Hunger becomes an eternal companion, physical pains cause despair, anger, anger. Unsuccessful are all attempts to get at least a little money. Almost on the verge of a hungry fainting, the hero decides whether to go into the bakery and ask for bread. Then he begs the butcher for a bone, supposedly for a dog, and, turning into a back alley, tries to swallow it, bursting into tears. One day I even have to look for a night in the police station under the fictitious pretext that I stayed in a coffee shop and lost the keys to the apartment. The hero spends a horrible night in a kindly chamber given to him, realizing that insanity is approaching him. In the morning, he watches with annoyance how the food stamps are handed out to the detainees, unfortunately, they will not let him, because on the eve, not wanting to see a homeless vagrant in it, he introduced himself as a journalist to the guardians of order.
The hero reflects on the issues of morality: now he would have appropriated a purse lost by a schoolgirl in the street without a shred of conscience or picked up a coin, dropped by a poor widow, even if she was the only one.

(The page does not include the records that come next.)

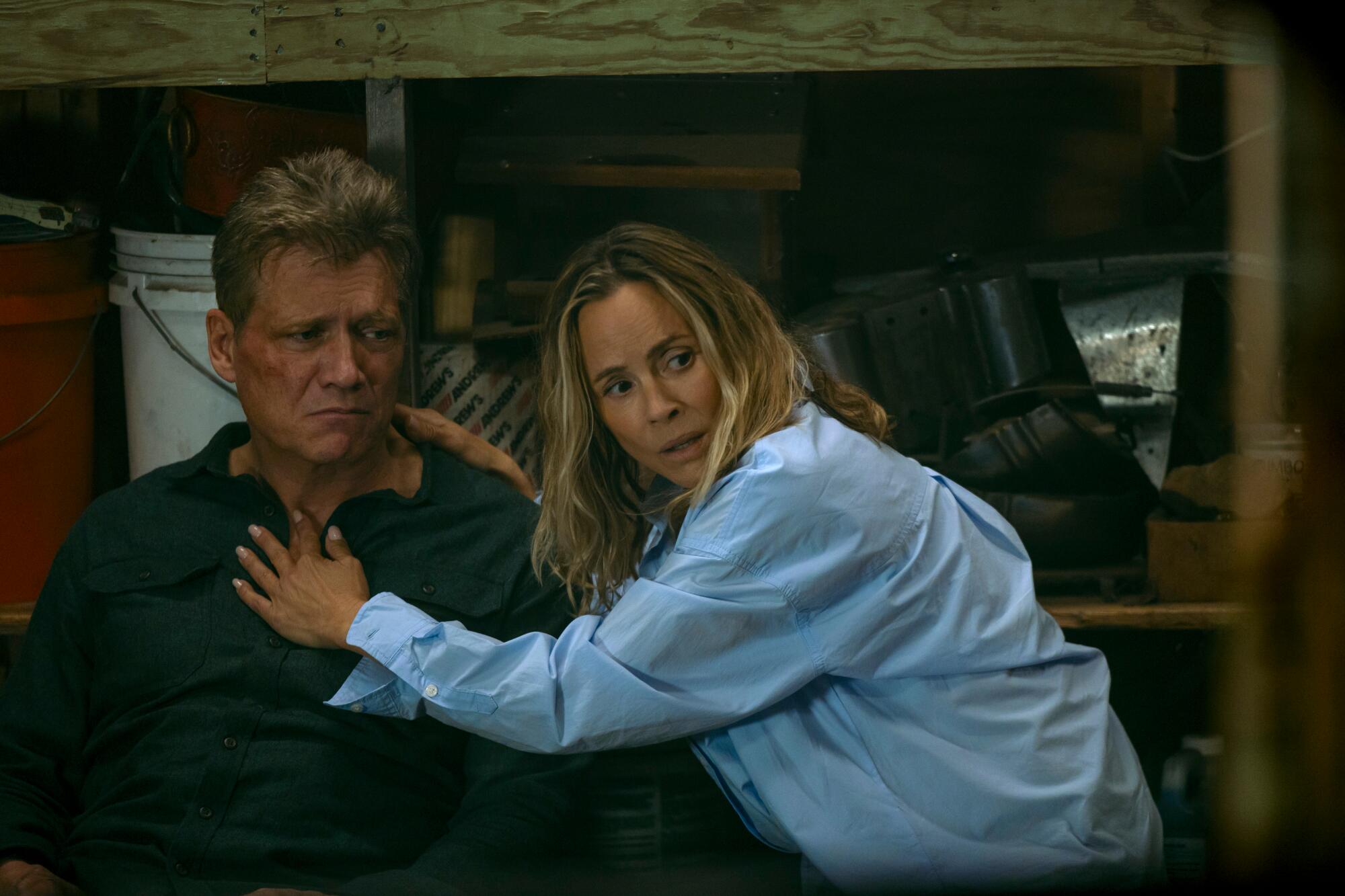 A man in a dark shirt leans against shelving as a woman in a blue shirt leans against him with a worried look on her face.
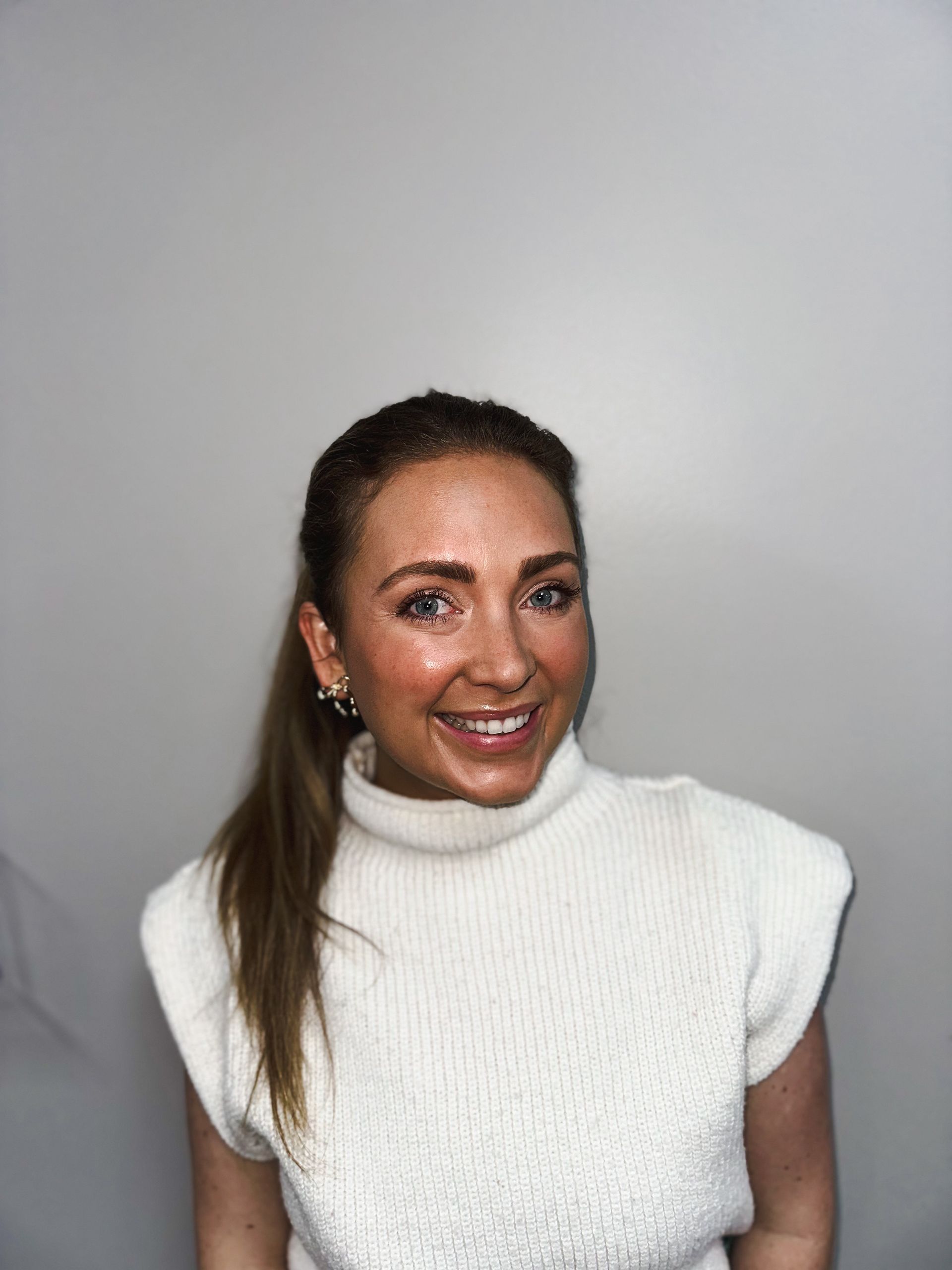 Woman with wavy blonde hair smiles, wearing a tan jumpsuit, standing in front of a gray backdrop.
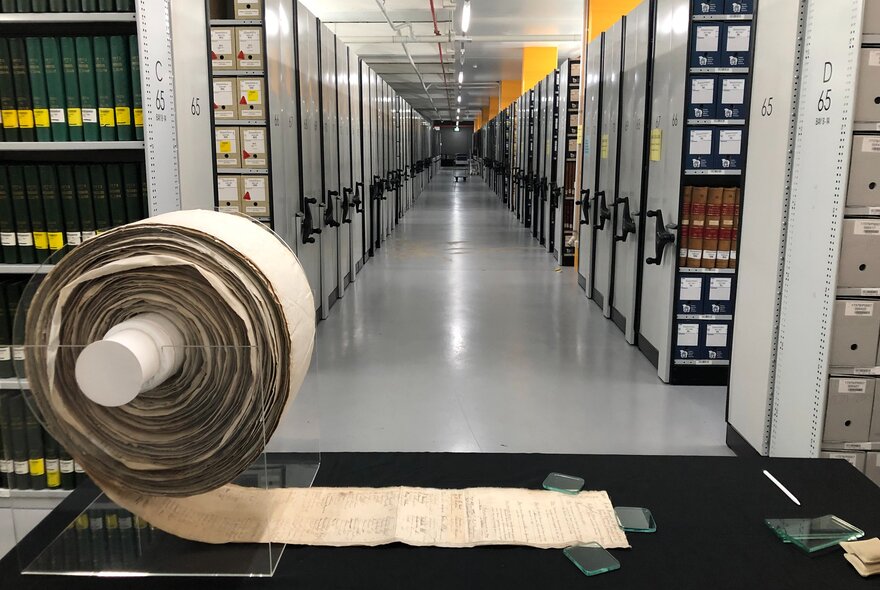 A roll of parchment with writing on it, displayed on a black table in the National Archives.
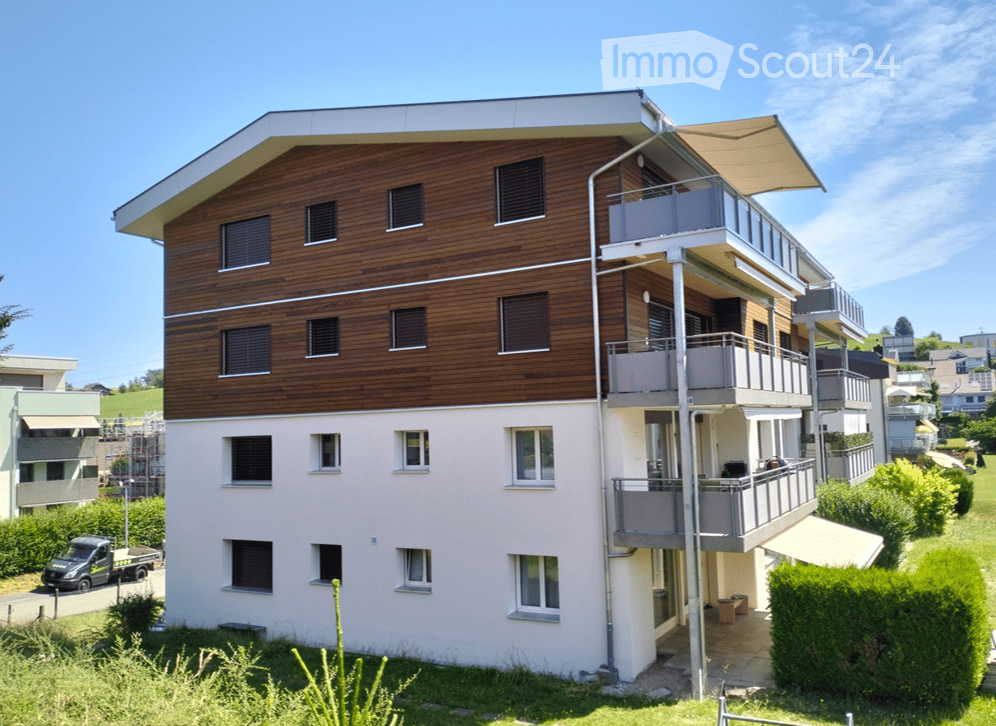 Modern two-story residential building with a combination of wooden and light-colored facades, multiple balconies, and contemporary design.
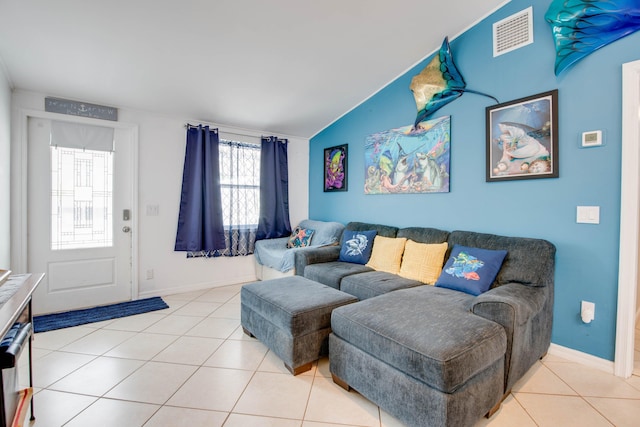 30957 Mercedes Rd, Big Pine, FL 33043 - tiled living area featuring vaulted ceiling and baseboards
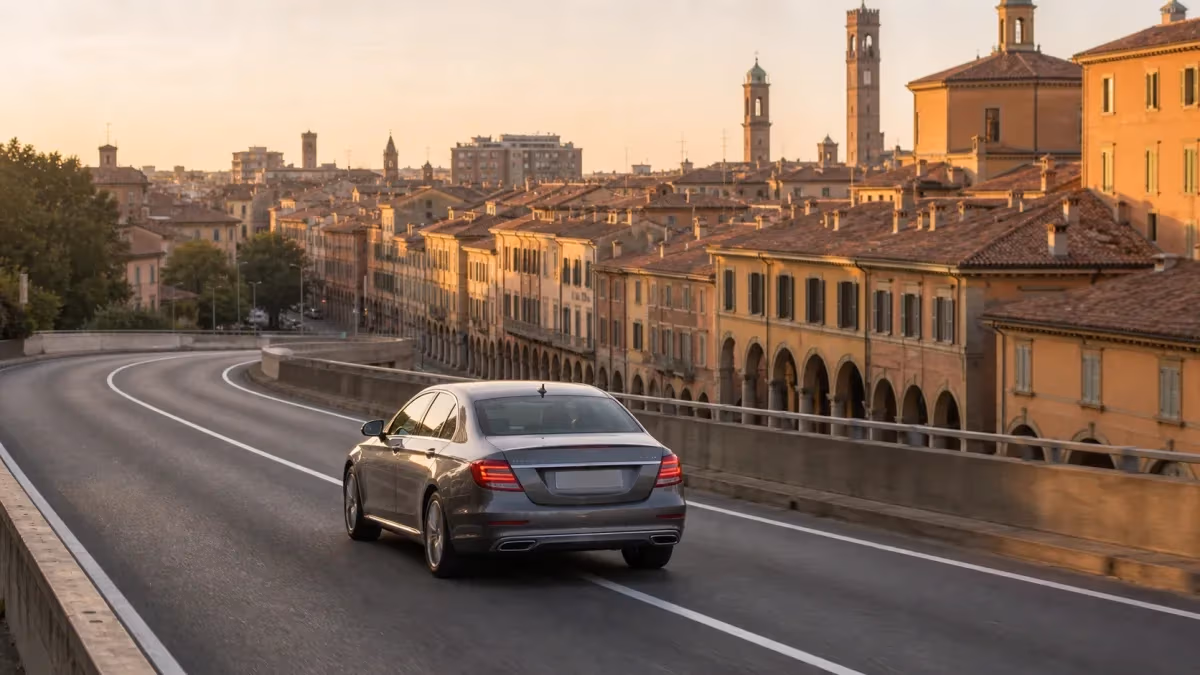 "Auto con autista verso il centro di Bologna con i portici e i tetti rossi sullo sfondo"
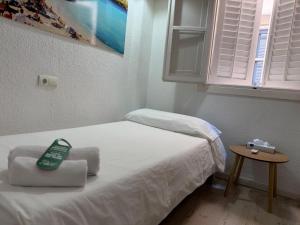 a small bedroom with a white bed with a window at Hostal Ibiza in Ibiza Town +14 photos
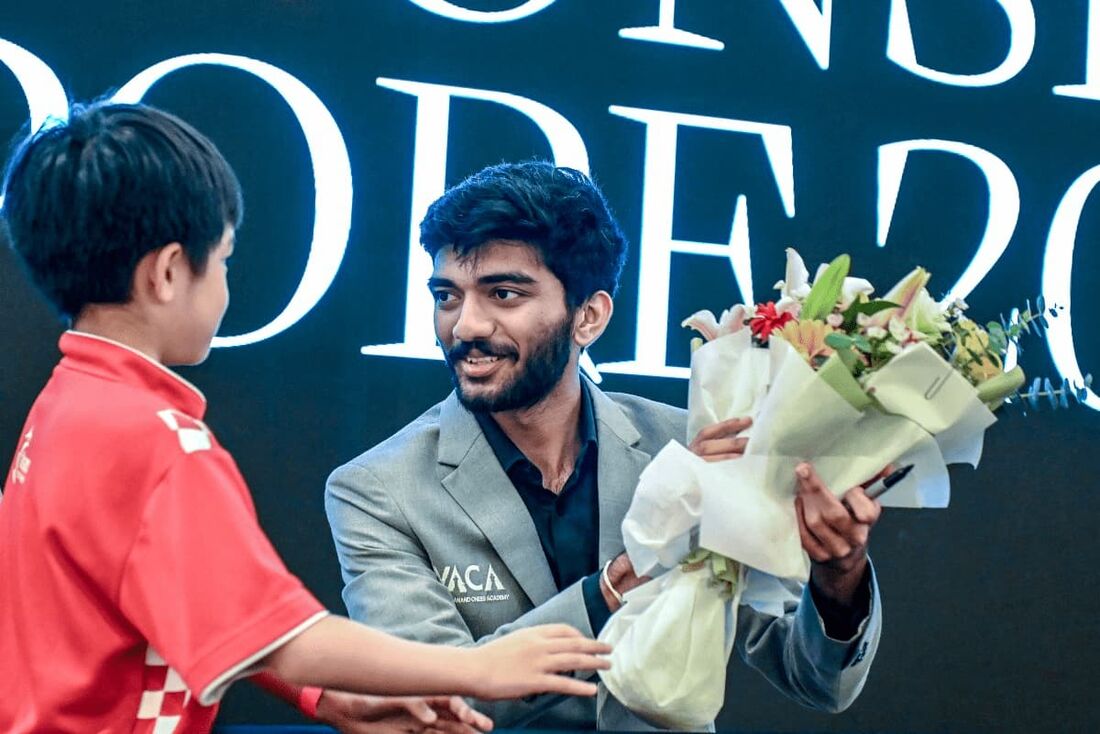 O campeão mundial de xadrez Gukesh Dommaraju (D) recebe um buquê de flores oferecido por um jovem fã durante uma sessão de meet and greet em Cingapura. 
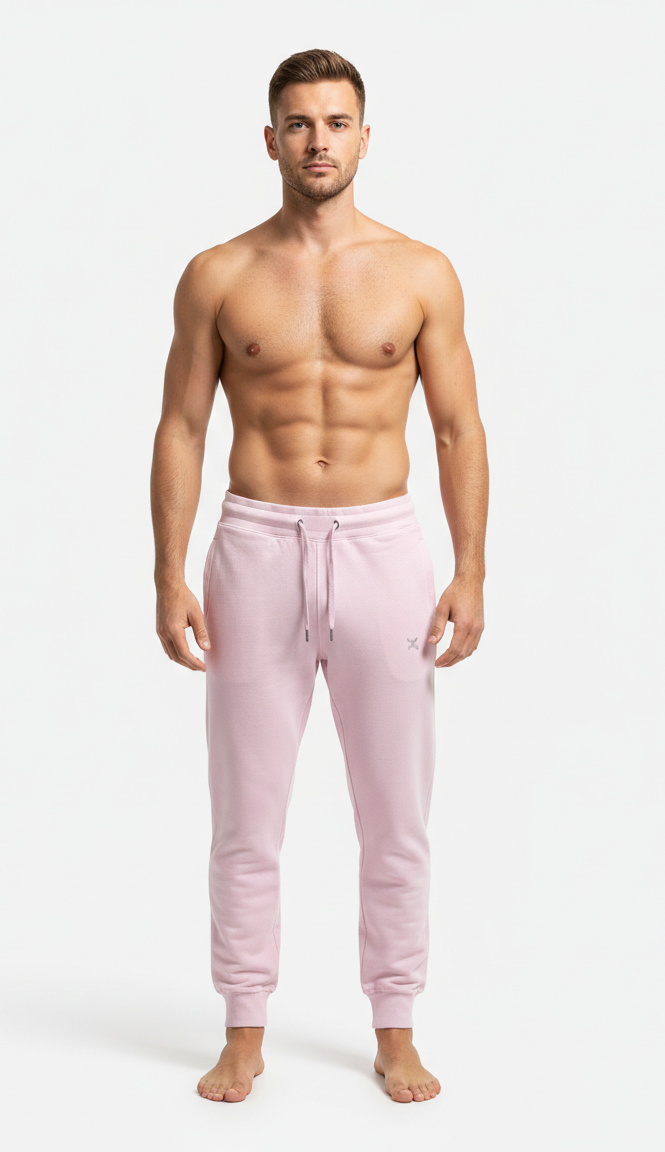Male model wearing premium Pink athletic joggers on white background front view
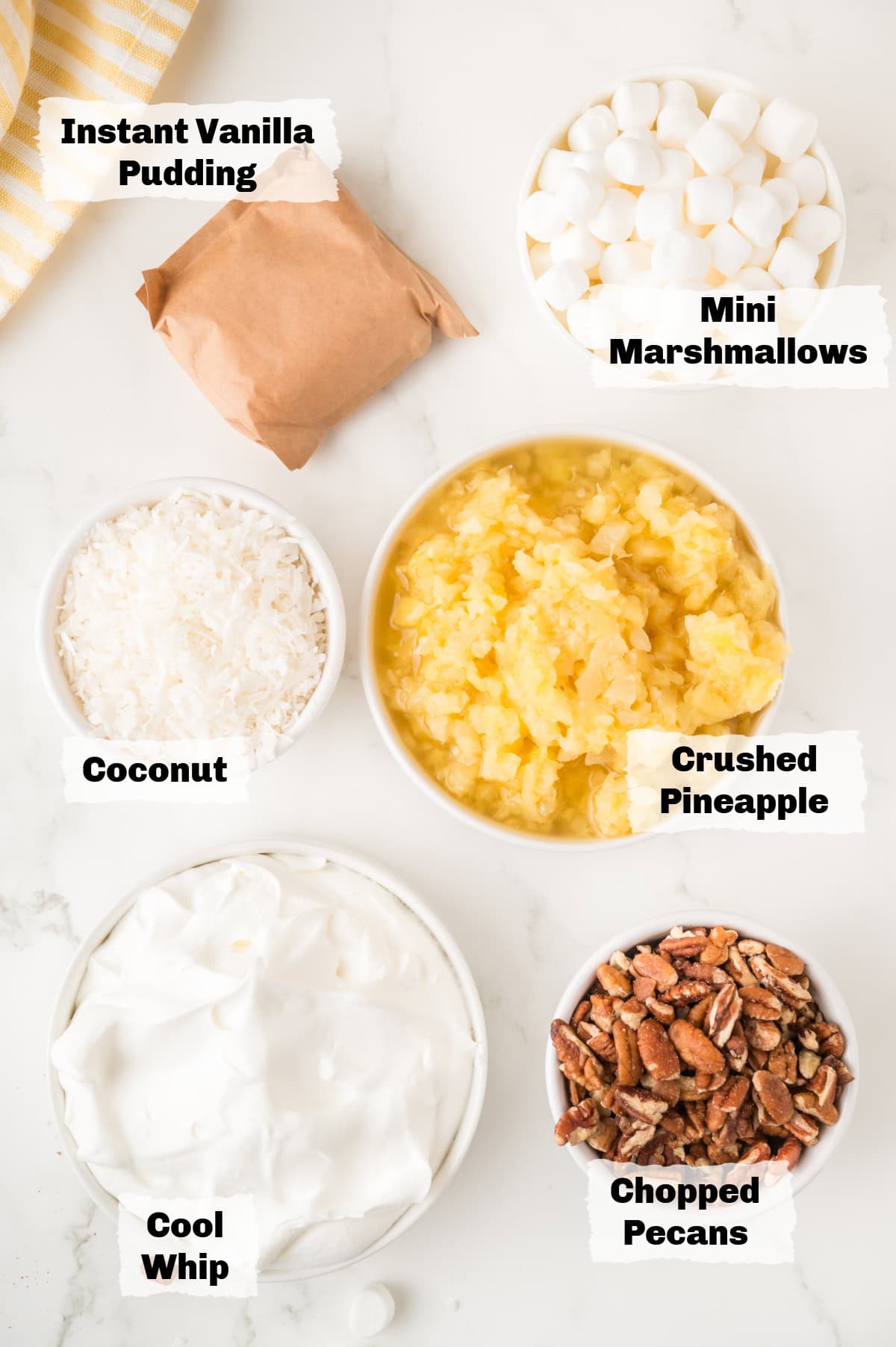 Ingredients on a table to make Pineapple Fluff salad.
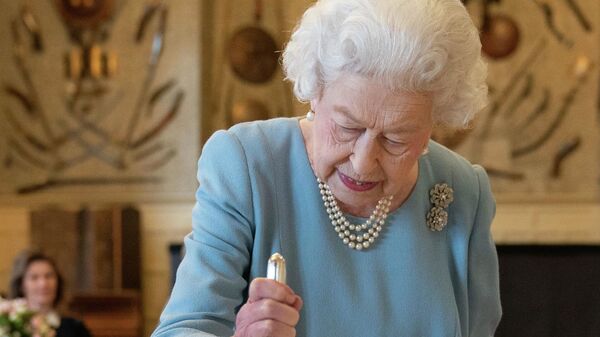ملكة بريطانيا إليزابيث الثانية تقطع كعكة للاحتفال ببدء اليوبيل البلاتيني، في ساندرينجهام هاوس، مقر إقامتها في نورفولك، في ساندرينجهام، إنجلترا، 5 فبراير 2022. - سبوتنيك عربي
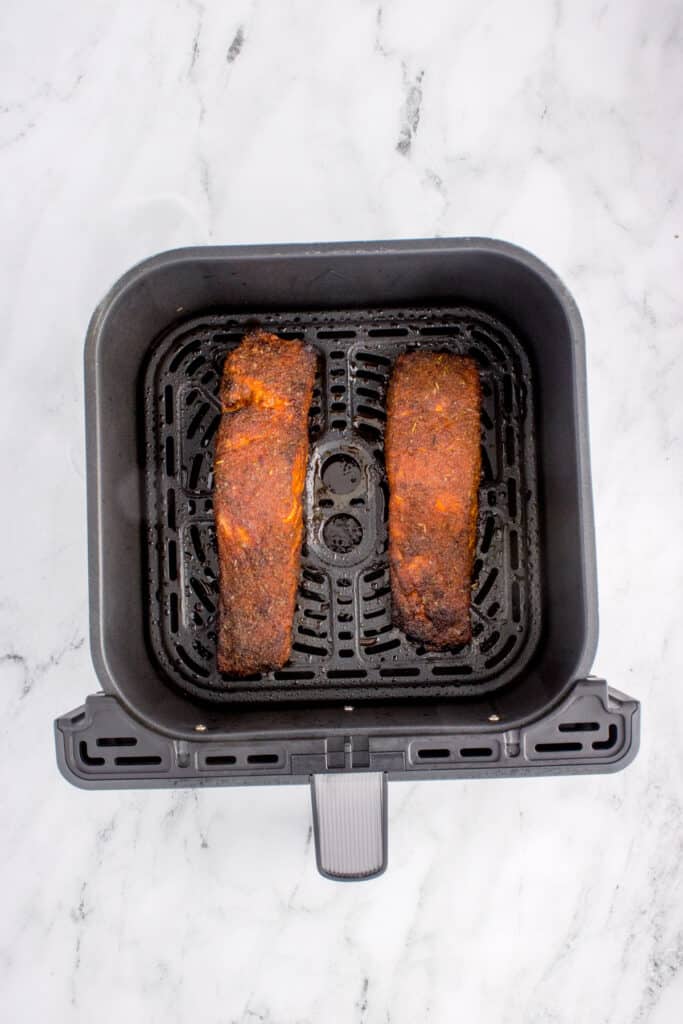 Cooked blackened salmon fillets in the air fryer basket after air frying.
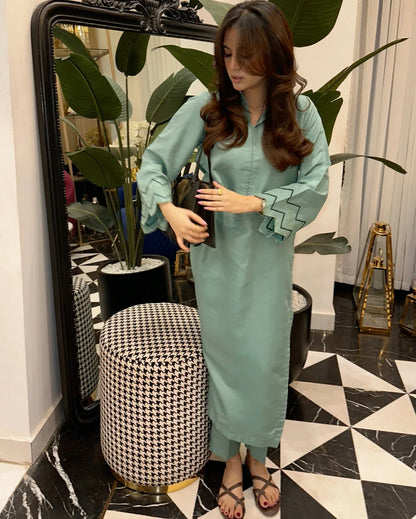 Woman in a Apple Green dress standing in a stylish room with plants and decor.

On the street, he encounters the editor of the newspaper, who out of sympathy gives him some money in return for a future fee. This helps the hero to regain the roof over his head, to remove the pathetic, dirty “room for visitors.” In indecision he comes to the bench for a candle, which he intends to ask for in debt. He works hard all day and night. The clerk mistakenly handed him another change with the candle. Not believing unexpected luck, a penniless writer hurries to leave the shop, but he is tormented with shame, and he gives money to street vendors of pies, quite puzzling the old woman. After some time the hero decides to repent to the clerk in the deed, but does not meet understanding, he is mistaken for a madman. Staggering from hunger, he finds a trader pies,
Once a hero meets two women in a park and ties up with them, while behaving impudently, importunate and rather stupid. Fantasies about a possible novel, as always, lead him very far, but, to his surprise, this story has a continuation. He calls the stranger Ilayali – meaningless, musically sounding name, conveying her charm and mystery. But their relationship is not destined to develop, they can not overcome disunity.
And again, beggarly, hungry existence, mood swings, habitual isolation on oneself, their thoughts, feelings, experiences, unmet need for natural human relationships.
Deciding that it is necessary to radically change life, the hero comes to the ship as a sailor.